About this exercise: Output exactly, and only, the lines below from the one with "三个模型猪的形象除了紫色，模" down to the one with "a bathroom with". Include both end lines and no pictures.
### Dataset entries
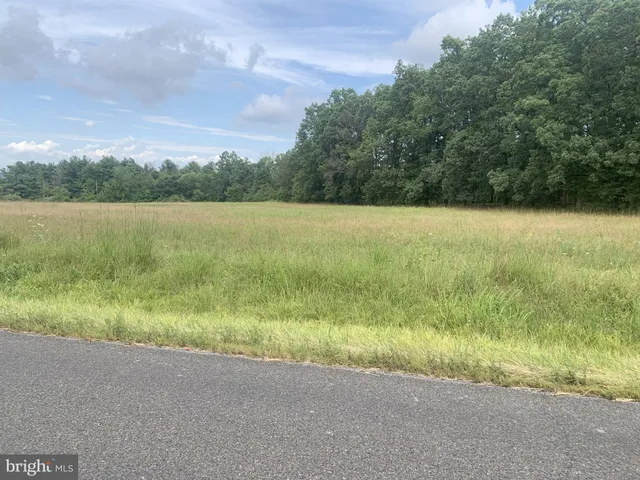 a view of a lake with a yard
######
### Dataset entries
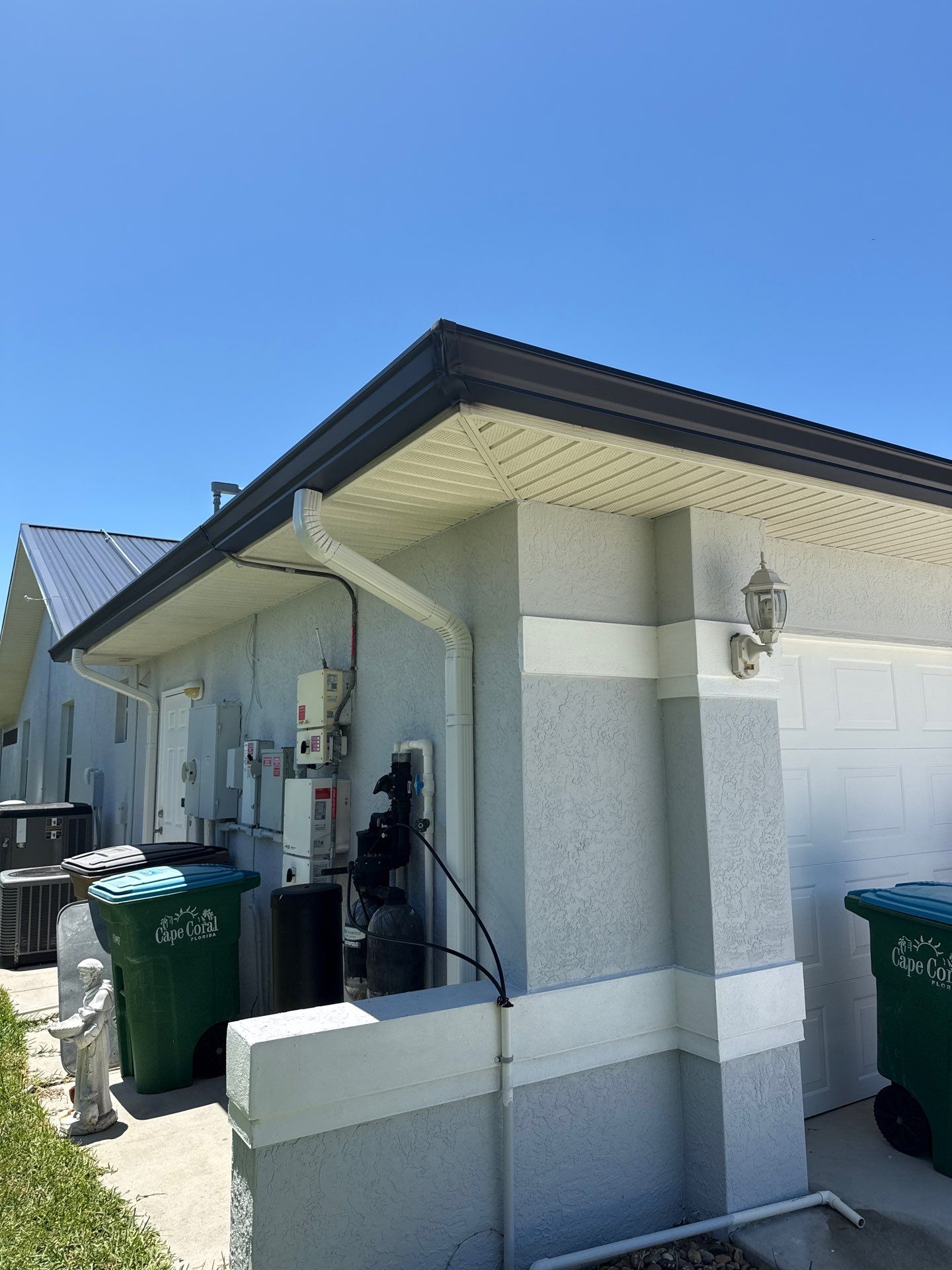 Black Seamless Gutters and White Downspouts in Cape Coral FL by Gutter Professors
######
### Dataset entries
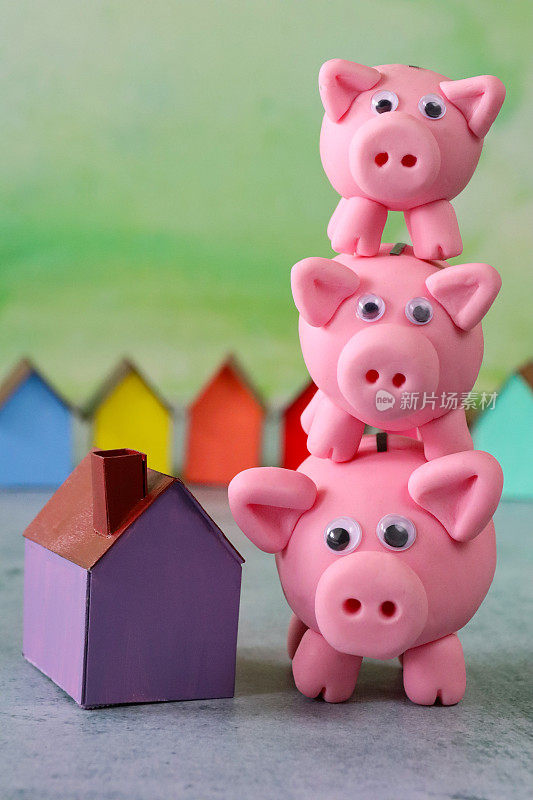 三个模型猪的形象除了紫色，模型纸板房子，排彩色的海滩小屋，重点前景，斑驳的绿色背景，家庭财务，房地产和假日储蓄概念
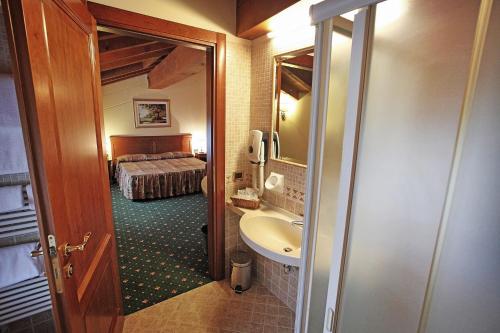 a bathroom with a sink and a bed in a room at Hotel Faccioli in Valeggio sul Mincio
######
Solution to this task:
 三个模型猪的形象除了紫色，模型纸板房子，排彩色的海滩小屋，重点前景，斑驳的绿色背景，家庭财务，房地产和假日储蓄概念
 a bathroom with a sink and a bed in a room at Hotel Faccioli in Valeggio sul Mincio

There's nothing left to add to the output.